I hunt off 22 north of Sparta. Seeing a few scrapes and rubs. Haven't stuck a deer yet but I did however lower the hog population by one on Saturday.


----------



## smitty

Really dry in Hancock !! Putting in my plots now , plenty of acorns all green and holding ! Plenty of scrapes and rubs showing up on food sources now , got a few pics of some decent bucks that need a year or 2 !! Ready for the smoke to fill the air Saturday !!


----------



## thaney10

Looking forward to the muzzleloader opener this weekend. This will be my first time in the stand.  Good luck to everyone this weekend.


----------



## droptine06

We planted 3 weeks ago, got a .5 inch that monday after and 1.5in the last storm that came thru 10 or so days ago. Planted Trophy radish, turnips and will over seed with wheat later. Deer hitting the plots pretty good already. Acorns startin' to drop. Saw quite a few deer Sunday and Monday but out of bow range. No chasin' yet. Ready for muzzle loader, some slick heads gonna drop this weekend.

Good luck to everyone this comin' weekend!


----------



## BigBrett

me and my son saw a HEEP of deer today. he is a lil slow on the draw and i have to help alot so didn't shoot but great memories. be back at it in the am. they are getting territorial. had couple young bucks come in stiff legged to grunting.


----------



## smitty

*Hancock*

Finally done with my plots and other last minute things,going to give it several weeks to cool off and maybe some rain to get the plots going and the bucks moving...Plenty of rubs and scrapes early this year.Very dry with most water sources all dried up and so we could use a good rain shower every week to get nature back going  That tiller sure leaves a good smooth seed bed !!!


----------



## jtomczak

Saw 10 deer over the weekend.  Beautiful weather and good activity.  No mature deer.


----------



## thaney10

Saw quite a few deer over the weekend. Saw 2 small bucks following does.

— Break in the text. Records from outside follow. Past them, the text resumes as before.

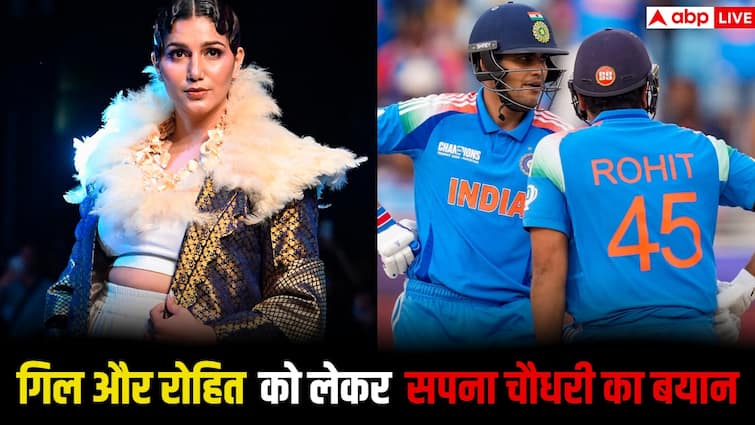 सपना चौधरी ने शुभमन गिल और रोहित शर्मा पर दे दिया बहुत बड़ा बयान, जानिए क्या कहा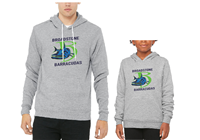 Broadstone Barracudas Hoodie with Full B Logo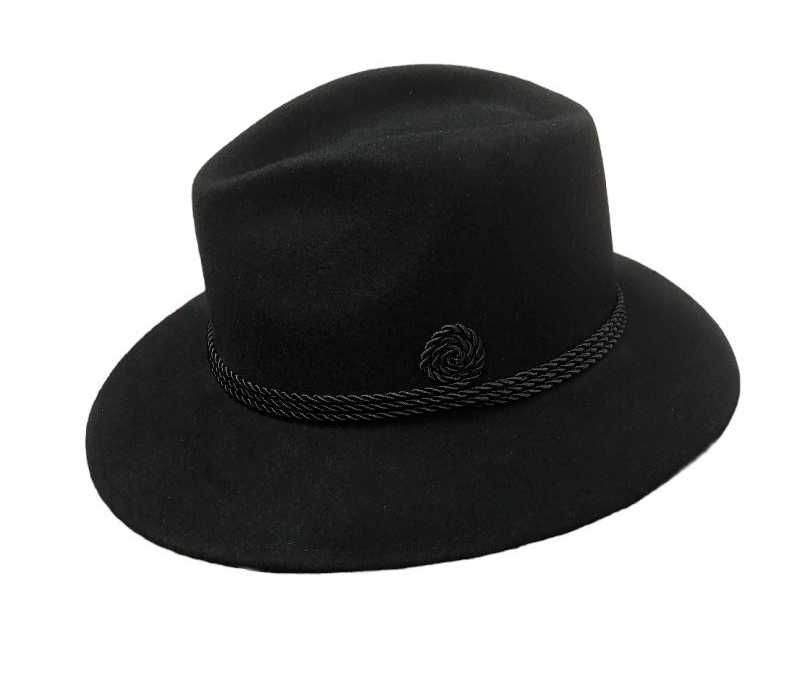 Palarie Lana Barbat "Noir"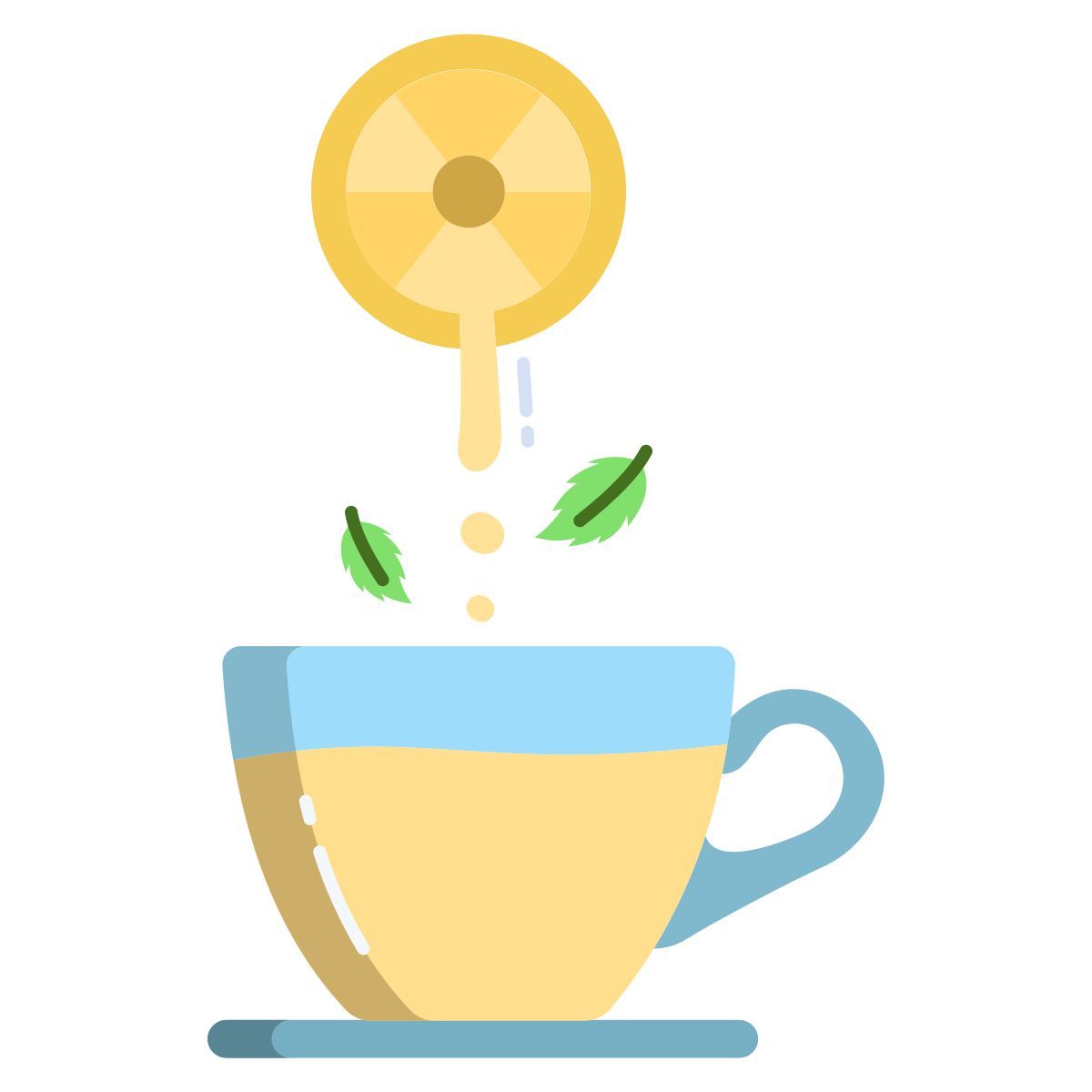 Chá de limão icon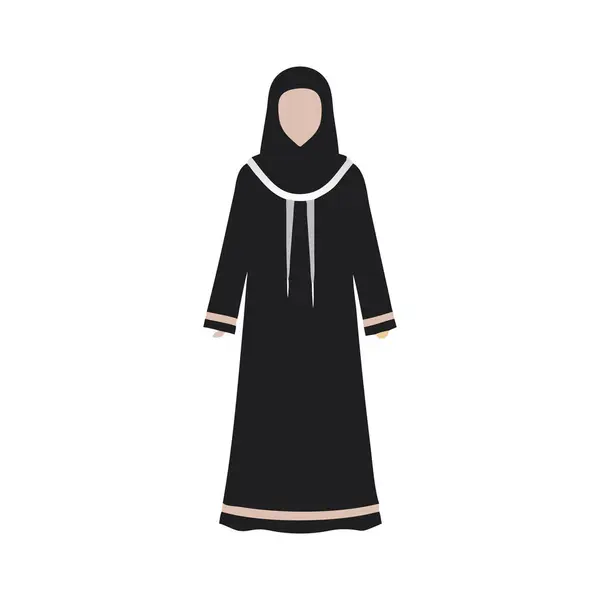 Abaya bir Orta Doğulu kadının geleneksel kıyafetleri.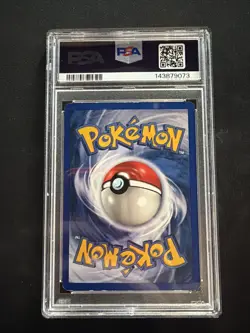 1999 Pokemon TCG Blastoise Holo Rare Card Base Set 2/102 HP Shadowless PSA 4 - Image 2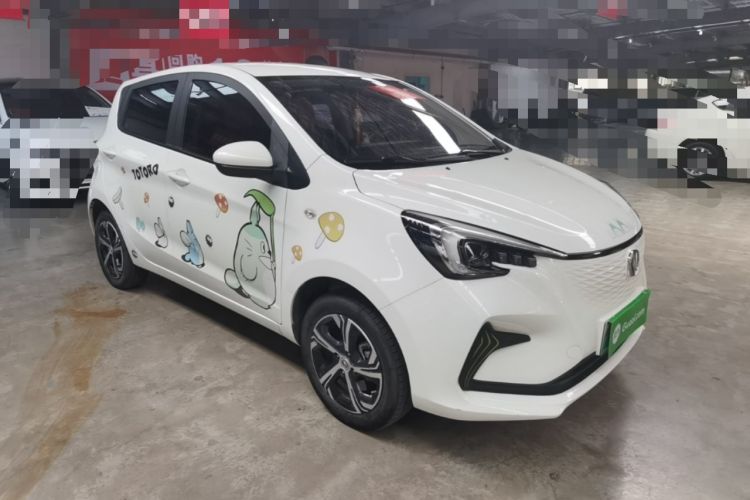 Used CHANGAN Benni E-Star 2022 Qingxin Edition Colorful Model Lithium Iron Phosphate Front Right 45 Deg
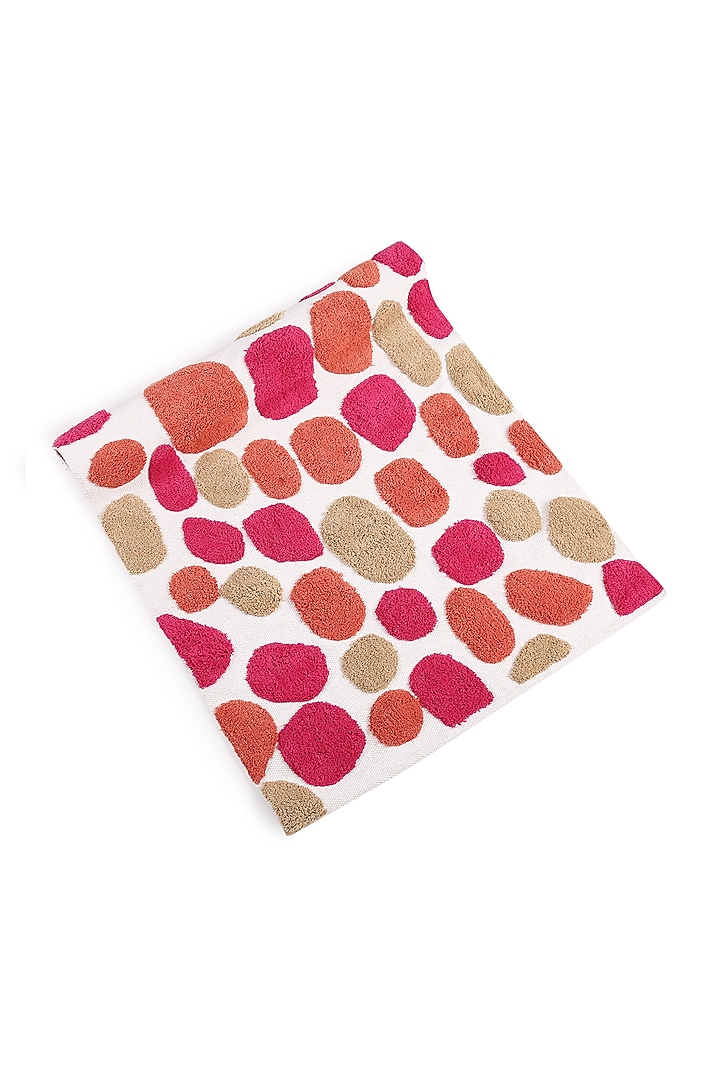 Multi-Colored Handwoven Tufted Rug by Amoliconcepts at Pernia's Pop Up Shop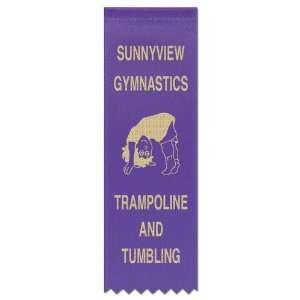  Hemmed Top Award Ribbon 1 5/8 by 6 inch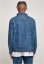 Pánská džínová bunda Urban Classics Organic Basic Denim Jacket - modrá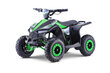 Quad bike HIGHPER, roheline hind ja info | Laste elektriautod | kaup24.ee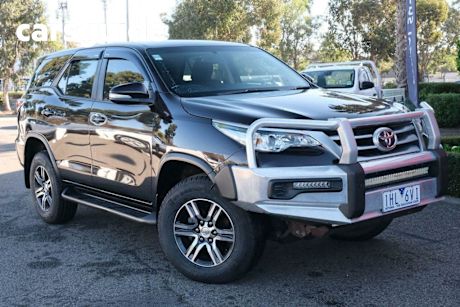 Brown 2015 Toyota Fortuner Wagon GX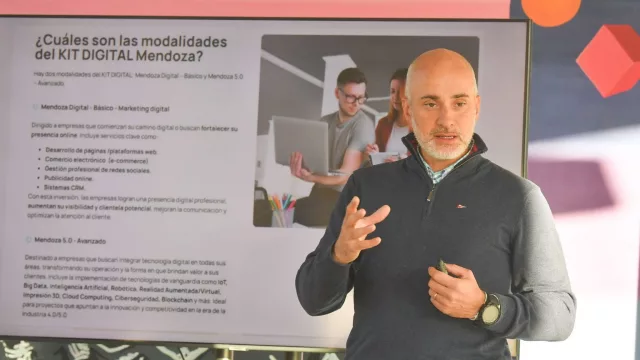 Mendoza impulsa la transformación digital de sus pymes con nuevos instrumentos de financiamiento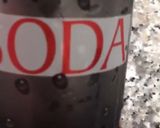 A picture of step 1 of Kala khatta Cream Soda.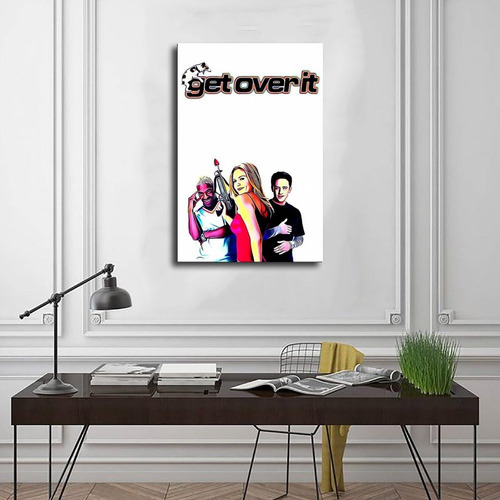 Get Over It Movie Poster 5 Canvas Poster Wall Art Decor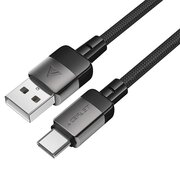  Кабель ACEFAST AF-C9-04-BK USB-A to USB-C charging data cable 1.2m Black 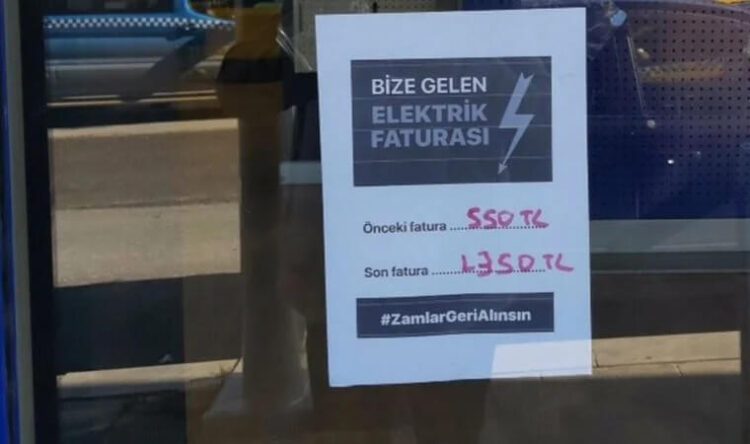‘Esnafa vergi incelemesine’ Kaftancıoğlu’ndan tepki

Lots of scrapes and rubs being laid down.


----------



## droptine06

We saw a decent amount of deer movement, one doe shot Sat. am. Two 3.5yr old bucks were seen and passed. Got some good rain last night down our way. No sign of chasin' yet. Had a 2yr old 6pt and a 3.5yr old feeding near 2 does w/yearlings and they paid em no mind.


----------



## 00Beau

Does and young bucks moving great, Young bucks are chasing like no tomorrow, big bucks are only moving at night on cams. NE of Sparta.


----------



## deepwater

Saw 9  deer this weekend, does and young bucks. Scraps and rubs showing up every where. The Does aren't ready but the young bucks sure seem to be.


----------



## jameson

went this morning, jumped one walking in, got in the stand a little late. around 8 heard somethnig coming thru the woods in a fast walk turned around and here come a spike and a 5 point at 11 yards. i want hunting a oak bottom. its good to keep seeing these young healthy bucks but im ready for a shooter to walk out. should be a great weekend wiht the temps dropping into the upper 40's. good luck to everyone.


----------



## 13ptbuck

We had a big nine killed tonight.  I will posts pics as soon as I get them.


----------



## smitty

Well no rain for my freshly planted plots !! Acorns are  just turning brown and falling , have 6 different bucks on one scrape with only one a shooter they luv my maxwell house scrape juice !!


----------



## BuckDropper13

Really excited about this weekend. Temps are taking a drop and deer are on the move. The only question I have it should I sit the stand in the pines or the power line tower stand.


----------



## Rowland00

went this morning seen two good bucks fighting in a food plot. real good morning


_Posted from  Gon.com App  for  Android_


----------



## jameson

We could sure use a good rain, plots are comin in pretty good. Hunted past 2 mornins yesterday passed up and a few small bucks and today seen 4. 3 doe and a tall shooter buck all out of range for my bow. Been hunting in a heavy pine/ oak bottom. Temps suspossed to drop to the mid 40s should be a great weekend


----------



## 00Beau

I have had my property in Hancock since 2004, this is the dryest it has ever been here. I have a creek that is 25 foot wide in spots and over head deep, it is nearly dry. On another note, we saw 2 good bucks and 8 does last evening.


----------



## smitty

Yes sir ,uncle owned land for almost 40 years and his lakes are about dried up ,I may no longer be throwing back my catch of the day , many of the creeks around are dry and in need of some good showers. Passed on a nice young 8 this mourning and a nice doe this evening eating those white oaks blown out by the wind !


----------



## Jeff Raines

Just talked to the family at camp(I'm stuck working)everyone is seeing deer but nobody has pulled the trigger.


----------



## BeauWitherspoon

*Washington County* - Saw 6 Saturday morning (7:55-9:45): 1 big doe, 1 big button-head, and 4 little ones...on white oak acorns. Saw 5 Saturday evening (6:35-7:30): 2 big does and 3 little ones...on food plot.


----------



## BuckinFish

How bout a bear in the area!!  I posted this in the Deer Hunting forum, but if you havent seen it, here it is.  This feeder is about 400 yards from where I hunt.  He looks huge to me, hope we dont meet eye to eye!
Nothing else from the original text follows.